I've tried to run games (in a couple systems) that had complex NPC factions to engage with, and a lot of players just... don't. I think sometimes they just don't realize it's an option.
My last game was kind of picking up speed, where there was a bad megacorp (within it two main factions) and a fractured array of resistance groups. I was hoping the players would do some alliance building. It was kind of working, but then real life sort of scuttled the game.
The other problem that happens to me a lot is I think about the game between sessions, and the players don't. They don't remember much detail. So I'll be like, "And you discover he's been working with the Seers the whole time!" And they'll be like "the who? Is that bad?". It's hard to get factional stuff going if the players can't keep straight who's who.
I am a bit surprised by the premise. Indeed D&D misses a good faction play, but it's one RPG among thousands of others.
Many if not most RPG do have faction/reputation mechanics. Vampire or L5R comes immediately to my mind.
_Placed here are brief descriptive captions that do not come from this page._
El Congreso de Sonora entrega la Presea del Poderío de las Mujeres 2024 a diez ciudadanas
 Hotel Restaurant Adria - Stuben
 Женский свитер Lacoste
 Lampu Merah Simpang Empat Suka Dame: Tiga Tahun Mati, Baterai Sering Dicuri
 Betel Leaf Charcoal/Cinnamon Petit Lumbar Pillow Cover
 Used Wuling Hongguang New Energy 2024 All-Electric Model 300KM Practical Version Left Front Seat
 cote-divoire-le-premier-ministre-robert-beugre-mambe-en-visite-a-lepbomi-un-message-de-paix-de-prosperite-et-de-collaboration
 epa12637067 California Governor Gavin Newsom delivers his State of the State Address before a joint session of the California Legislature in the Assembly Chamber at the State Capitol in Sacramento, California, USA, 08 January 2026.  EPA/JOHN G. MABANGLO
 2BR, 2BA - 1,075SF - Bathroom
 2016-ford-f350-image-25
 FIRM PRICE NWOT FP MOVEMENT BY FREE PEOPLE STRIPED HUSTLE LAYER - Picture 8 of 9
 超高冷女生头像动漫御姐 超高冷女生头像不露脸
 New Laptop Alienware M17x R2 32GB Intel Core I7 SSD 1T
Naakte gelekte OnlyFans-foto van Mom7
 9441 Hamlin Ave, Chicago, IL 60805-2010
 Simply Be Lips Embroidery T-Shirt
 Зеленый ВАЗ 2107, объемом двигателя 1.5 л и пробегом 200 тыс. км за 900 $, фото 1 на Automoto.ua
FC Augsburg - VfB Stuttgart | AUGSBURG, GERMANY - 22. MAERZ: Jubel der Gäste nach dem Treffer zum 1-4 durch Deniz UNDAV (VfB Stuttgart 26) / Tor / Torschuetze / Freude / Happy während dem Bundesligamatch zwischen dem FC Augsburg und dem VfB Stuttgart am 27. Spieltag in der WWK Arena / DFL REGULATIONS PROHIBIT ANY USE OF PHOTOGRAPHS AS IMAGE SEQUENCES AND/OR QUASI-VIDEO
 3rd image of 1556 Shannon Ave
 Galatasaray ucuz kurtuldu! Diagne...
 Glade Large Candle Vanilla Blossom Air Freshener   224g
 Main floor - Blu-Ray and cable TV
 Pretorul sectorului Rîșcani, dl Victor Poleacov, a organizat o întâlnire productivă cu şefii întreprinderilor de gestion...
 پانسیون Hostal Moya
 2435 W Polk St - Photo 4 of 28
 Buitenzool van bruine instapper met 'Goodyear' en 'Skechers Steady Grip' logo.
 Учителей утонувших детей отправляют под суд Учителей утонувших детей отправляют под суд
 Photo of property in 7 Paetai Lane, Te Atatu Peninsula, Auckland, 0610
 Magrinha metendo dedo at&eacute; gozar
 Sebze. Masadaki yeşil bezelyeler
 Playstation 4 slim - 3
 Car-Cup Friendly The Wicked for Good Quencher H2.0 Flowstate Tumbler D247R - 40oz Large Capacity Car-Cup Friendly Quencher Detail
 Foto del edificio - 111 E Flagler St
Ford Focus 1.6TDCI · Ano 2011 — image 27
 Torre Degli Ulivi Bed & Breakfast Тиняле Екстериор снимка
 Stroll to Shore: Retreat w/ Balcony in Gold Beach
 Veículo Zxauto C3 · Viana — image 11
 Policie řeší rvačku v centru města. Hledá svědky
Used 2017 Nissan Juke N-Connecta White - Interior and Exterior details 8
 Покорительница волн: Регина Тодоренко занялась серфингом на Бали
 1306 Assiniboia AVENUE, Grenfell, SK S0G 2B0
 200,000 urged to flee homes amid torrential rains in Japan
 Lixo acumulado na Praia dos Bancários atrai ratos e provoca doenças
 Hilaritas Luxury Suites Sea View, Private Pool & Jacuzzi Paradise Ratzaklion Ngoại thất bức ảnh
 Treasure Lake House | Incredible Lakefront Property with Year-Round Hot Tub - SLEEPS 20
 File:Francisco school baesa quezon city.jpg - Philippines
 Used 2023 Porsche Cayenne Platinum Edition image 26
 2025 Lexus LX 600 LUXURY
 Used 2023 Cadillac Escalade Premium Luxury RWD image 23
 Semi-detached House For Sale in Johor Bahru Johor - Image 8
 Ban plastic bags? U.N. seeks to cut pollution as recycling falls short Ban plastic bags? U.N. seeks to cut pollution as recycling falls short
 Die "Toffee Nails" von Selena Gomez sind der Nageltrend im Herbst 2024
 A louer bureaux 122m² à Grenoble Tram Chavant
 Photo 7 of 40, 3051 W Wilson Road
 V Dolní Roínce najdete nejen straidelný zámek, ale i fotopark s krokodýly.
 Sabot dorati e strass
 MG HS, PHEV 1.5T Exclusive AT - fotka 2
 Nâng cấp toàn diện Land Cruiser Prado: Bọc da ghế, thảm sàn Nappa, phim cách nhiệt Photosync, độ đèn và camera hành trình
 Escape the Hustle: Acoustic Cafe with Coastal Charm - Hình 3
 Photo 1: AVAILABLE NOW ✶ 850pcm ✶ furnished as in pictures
Playing any kind of cyberpunk game involve a form of faction as you need to manage not being arrested by cops or corpo, if you move to the 2010's Eclipse phase has this pretty interesting reputation economics, and then Blade in the dark came with fun faction/downtime rule at the point for some players it's mostly a faction management game
The thing is, I don't think D&D misses faction play because of the designers. I think it misses it because it's not what players wanted. If you look at the 5e core rulebooks from 2014 and the early adventures and the Adventurer's League organised play, they seem to be pushing their 5 Forgotten Realms factions pretty hard. The Zhents and Harpers have a long and storied history, but the Emerald Enclave, Order of the Gauntlet, and Lord's Alliance are much less well attested prior to 5e. But the community never really seemed interested in this aspect of play, and I don't think WotC kept it up after very long.
Not a very high quality article. Makes constant reference to "faction and domain play" without adequately defining the terms for someone that didn't grow up with them. (Presumably, the target of the article.) And a lot of typos.